First I’m going to assume you are competent with binomial expansions of the form (p+q)n n∈N
that is,
(p+q)ⁿ = nC0 pⁿ + nC1 pⁿ⁻¹q + nC2 pⁿ⁻²q²+ nC3 pⁿ⁻³q³ + .... + nCn-r pʳqⁿ⁻ʳ +.. + nCn-1 pqⁿ⁻¹ + qⁿ
and nCr = n! / r! (n-r)!
Expanding the notation,
(1+x)ⁿ = pn +n pⁿ⁻¹ q +n(n-1) pⁿ⁻² q²/2! + n(n-1)(n-2) pⁿ⁻³3q³ /3! + ..+ n(n-1)p²qⁿ⁻²/2! + npqⁿ⁻¹ +qⁿ
I shall assume you can see the symmetry.
Further, you should see that each new coefficient can be calculated from the last one:
nCr = nCr-1 (n-r)/r
In statistics, probability calculations are based upon expansions of (p+q)ⁿ, where p+q = 1. Many students get stuck here, seeing that 1ⁿ is obviously one and therefore, they think, of no interest. Au contraire, mon brave; adding up to one simply confirms that the probabilities are all there and it is the way the ‘one’ is divided up that tells you the distribution of the various probabilities. That’s the interesting bit, the distribution.
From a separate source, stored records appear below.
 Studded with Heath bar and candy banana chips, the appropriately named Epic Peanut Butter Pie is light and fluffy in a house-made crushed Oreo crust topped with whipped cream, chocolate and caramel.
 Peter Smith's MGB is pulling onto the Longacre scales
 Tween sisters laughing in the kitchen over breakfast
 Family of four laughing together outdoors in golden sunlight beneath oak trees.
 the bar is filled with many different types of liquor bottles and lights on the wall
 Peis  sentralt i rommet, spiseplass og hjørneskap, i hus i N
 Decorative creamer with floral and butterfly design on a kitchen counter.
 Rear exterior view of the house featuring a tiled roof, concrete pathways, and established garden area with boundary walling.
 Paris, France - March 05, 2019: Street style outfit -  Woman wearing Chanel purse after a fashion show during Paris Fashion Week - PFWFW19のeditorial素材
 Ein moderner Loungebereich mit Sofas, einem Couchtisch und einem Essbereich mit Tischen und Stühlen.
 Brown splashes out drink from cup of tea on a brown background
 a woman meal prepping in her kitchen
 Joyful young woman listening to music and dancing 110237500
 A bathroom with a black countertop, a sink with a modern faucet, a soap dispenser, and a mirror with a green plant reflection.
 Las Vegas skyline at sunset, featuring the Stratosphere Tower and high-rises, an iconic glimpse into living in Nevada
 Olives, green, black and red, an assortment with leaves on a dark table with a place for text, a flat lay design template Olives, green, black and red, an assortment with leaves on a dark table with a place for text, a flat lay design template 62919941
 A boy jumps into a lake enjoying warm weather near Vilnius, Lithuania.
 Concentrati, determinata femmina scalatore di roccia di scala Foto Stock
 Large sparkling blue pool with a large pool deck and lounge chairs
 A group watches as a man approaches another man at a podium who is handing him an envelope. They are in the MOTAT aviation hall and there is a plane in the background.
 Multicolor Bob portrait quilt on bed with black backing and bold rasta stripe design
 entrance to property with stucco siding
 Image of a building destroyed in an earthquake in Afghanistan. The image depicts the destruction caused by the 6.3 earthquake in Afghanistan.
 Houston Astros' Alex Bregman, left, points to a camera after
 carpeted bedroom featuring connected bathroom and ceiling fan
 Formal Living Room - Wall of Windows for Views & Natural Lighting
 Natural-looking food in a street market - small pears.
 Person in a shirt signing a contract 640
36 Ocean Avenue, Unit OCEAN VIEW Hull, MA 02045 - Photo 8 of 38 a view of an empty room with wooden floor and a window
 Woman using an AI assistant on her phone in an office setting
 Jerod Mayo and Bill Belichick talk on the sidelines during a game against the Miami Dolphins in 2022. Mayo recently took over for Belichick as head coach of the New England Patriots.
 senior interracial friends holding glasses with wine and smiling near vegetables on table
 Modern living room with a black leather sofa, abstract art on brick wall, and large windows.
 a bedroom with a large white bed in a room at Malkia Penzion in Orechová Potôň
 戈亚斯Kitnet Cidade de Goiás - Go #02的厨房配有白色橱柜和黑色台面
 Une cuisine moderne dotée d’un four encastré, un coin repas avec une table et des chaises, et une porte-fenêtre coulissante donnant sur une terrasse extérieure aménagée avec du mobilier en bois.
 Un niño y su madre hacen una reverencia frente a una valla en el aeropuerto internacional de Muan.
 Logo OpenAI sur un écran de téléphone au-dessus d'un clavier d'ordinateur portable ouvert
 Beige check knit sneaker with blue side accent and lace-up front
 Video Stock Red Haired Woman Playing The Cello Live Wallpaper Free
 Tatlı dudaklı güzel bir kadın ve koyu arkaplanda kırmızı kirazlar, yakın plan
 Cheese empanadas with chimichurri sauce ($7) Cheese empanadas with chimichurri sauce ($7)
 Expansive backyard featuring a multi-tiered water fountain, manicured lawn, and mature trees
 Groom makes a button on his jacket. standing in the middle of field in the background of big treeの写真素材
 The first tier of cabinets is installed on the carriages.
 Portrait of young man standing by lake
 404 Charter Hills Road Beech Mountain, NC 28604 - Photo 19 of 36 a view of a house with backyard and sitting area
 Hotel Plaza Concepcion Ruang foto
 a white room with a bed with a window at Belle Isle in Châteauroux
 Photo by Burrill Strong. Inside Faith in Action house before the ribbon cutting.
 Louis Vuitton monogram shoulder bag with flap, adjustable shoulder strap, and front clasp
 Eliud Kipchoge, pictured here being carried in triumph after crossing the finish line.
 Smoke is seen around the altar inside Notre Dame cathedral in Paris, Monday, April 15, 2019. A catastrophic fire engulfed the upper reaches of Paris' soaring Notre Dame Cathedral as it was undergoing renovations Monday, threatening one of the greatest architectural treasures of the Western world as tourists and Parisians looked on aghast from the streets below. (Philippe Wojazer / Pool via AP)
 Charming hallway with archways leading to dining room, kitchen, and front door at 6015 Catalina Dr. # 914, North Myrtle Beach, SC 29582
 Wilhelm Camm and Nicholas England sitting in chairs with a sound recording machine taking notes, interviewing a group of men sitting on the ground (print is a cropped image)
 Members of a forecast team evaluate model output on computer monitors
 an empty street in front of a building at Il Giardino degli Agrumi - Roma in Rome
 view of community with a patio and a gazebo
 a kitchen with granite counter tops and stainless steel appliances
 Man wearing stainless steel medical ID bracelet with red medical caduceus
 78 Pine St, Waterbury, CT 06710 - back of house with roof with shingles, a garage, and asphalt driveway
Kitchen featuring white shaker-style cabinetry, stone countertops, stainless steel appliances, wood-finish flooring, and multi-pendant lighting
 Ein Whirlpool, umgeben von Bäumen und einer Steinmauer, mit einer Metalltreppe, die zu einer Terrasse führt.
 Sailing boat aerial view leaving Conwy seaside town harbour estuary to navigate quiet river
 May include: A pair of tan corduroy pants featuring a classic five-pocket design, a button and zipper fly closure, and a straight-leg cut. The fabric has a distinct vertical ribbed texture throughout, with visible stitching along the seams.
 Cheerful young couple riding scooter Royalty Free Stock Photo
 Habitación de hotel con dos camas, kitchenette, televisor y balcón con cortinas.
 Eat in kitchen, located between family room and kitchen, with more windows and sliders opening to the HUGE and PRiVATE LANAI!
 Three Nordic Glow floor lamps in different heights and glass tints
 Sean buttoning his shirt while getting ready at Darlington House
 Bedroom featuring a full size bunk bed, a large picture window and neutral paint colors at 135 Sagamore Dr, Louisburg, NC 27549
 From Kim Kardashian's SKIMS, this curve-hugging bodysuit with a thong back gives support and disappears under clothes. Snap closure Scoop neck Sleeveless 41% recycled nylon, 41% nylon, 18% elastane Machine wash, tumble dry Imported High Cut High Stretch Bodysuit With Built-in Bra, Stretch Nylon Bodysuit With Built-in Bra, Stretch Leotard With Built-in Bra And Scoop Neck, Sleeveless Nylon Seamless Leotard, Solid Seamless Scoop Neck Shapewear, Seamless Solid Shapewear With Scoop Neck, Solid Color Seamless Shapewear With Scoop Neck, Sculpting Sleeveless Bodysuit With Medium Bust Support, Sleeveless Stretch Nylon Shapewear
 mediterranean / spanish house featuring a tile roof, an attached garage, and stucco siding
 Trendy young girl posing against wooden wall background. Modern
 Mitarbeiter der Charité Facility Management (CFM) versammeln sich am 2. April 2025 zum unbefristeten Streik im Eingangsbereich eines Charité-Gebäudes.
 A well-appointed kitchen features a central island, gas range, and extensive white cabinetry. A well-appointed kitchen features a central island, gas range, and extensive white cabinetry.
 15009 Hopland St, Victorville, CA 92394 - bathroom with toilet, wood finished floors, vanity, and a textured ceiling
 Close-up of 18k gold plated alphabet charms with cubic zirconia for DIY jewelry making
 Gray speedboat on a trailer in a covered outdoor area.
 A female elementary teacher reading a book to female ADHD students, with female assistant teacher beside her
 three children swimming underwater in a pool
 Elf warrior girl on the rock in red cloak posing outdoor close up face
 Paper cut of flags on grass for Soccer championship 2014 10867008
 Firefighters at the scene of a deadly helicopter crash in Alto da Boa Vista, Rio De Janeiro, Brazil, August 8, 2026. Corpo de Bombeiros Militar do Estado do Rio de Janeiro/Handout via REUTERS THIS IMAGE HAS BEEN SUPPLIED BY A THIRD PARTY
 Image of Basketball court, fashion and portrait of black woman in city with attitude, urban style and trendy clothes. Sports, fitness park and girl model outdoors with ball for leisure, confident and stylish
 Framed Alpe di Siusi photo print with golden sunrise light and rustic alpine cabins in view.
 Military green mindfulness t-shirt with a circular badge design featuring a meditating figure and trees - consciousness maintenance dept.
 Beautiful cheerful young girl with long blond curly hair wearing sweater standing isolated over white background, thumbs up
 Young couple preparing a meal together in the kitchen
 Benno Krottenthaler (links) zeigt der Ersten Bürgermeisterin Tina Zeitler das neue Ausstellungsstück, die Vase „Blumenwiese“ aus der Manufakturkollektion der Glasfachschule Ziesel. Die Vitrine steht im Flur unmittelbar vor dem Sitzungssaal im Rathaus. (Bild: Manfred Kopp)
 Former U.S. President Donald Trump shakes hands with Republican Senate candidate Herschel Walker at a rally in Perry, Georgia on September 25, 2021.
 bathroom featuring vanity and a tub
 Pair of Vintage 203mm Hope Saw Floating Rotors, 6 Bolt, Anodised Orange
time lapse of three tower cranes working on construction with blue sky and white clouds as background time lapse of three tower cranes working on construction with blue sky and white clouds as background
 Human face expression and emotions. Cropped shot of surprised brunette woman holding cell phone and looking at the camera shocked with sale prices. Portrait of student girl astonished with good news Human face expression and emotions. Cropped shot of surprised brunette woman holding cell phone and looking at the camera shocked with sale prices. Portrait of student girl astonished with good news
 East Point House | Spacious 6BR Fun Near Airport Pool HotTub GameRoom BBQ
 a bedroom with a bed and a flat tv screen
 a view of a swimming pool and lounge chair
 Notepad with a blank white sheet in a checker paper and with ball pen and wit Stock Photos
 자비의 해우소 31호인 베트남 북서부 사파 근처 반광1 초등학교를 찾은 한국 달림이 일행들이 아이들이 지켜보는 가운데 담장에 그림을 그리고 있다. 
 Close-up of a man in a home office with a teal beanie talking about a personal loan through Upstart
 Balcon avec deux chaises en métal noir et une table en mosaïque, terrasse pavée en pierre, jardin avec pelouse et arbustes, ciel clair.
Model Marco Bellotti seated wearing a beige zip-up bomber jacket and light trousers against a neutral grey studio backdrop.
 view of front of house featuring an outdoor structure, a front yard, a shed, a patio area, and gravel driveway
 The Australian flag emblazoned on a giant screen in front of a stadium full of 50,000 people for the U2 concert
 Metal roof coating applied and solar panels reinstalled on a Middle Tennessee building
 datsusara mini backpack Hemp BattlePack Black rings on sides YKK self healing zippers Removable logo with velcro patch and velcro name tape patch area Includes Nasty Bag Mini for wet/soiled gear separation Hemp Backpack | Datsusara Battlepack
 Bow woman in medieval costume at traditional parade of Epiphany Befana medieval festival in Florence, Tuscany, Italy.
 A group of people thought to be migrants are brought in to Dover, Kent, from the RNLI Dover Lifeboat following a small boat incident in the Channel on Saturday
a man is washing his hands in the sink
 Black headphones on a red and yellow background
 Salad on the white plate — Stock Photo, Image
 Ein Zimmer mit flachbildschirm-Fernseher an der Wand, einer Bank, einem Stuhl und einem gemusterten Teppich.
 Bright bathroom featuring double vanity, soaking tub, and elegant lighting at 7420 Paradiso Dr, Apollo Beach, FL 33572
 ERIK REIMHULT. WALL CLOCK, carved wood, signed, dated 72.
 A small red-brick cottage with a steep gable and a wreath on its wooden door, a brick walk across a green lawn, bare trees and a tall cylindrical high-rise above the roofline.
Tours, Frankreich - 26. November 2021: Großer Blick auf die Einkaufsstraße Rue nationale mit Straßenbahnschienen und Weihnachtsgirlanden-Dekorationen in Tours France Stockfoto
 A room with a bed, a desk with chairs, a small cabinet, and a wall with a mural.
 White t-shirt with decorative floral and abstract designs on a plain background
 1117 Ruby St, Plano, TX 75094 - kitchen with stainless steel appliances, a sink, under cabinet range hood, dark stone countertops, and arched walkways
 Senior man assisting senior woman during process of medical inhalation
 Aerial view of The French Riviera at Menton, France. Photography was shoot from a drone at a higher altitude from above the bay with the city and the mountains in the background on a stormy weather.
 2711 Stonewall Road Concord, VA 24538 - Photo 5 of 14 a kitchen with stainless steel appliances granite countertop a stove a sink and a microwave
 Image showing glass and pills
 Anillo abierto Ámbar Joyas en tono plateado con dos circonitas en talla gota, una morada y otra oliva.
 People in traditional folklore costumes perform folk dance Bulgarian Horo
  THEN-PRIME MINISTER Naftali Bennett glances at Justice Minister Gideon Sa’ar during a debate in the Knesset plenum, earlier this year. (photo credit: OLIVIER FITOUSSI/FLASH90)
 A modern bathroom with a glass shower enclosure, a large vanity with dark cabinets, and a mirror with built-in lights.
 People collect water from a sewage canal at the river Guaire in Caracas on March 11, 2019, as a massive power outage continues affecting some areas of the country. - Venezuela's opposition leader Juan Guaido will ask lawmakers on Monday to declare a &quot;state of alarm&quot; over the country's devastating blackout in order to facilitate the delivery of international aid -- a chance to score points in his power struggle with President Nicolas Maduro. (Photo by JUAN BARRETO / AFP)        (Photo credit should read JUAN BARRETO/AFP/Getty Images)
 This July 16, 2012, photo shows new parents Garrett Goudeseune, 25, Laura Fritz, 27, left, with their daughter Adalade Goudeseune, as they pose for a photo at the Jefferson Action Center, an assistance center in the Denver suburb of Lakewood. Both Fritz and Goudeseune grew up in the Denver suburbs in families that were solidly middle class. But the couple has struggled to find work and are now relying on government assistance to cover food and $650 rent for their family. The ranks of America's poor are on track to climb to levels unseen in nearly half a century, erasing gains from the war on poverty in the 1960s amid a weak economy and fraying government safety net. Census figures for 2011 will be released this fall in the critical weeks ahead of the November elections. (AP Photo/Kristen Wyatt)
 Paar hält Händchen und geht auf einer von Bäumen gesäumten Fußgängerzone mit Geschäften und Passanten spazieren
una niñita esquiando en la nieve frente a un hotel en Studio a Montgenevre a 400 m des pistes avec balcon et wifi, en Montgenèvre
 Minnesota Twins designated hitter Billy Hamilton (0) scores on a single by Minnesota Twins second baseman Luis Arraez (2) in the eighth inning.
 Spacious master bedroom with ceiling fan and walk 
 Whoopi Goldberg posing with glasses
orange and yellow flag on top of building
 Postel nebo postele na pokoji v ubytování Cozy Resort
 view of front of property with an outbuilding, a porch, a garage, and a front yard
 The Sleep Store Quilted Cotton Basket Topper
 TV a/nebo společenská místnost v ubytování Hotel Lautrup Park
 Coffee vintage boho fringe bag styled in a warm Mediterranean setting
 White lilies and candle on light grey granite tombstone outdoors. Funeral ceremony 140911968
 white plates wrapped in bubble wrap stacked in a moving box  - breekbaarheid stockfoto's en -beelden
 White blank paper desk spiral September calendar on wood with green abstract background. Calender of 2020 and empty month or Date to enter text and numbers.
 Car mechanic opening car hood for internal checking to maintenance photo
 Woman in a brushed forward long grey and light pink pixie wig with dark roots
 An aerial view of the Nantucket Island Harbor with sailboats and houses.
I put examples in the Lower School Binomial. The usage is in Hypothesis testing. There I have assumed you recognise “X is a variate that behaves as a binomial distribution with n items of probability p” as being written X~B(n,p) and that the mean is np (that’s the expectation) and the variance is npq. I have not proved that on these pages. Yet.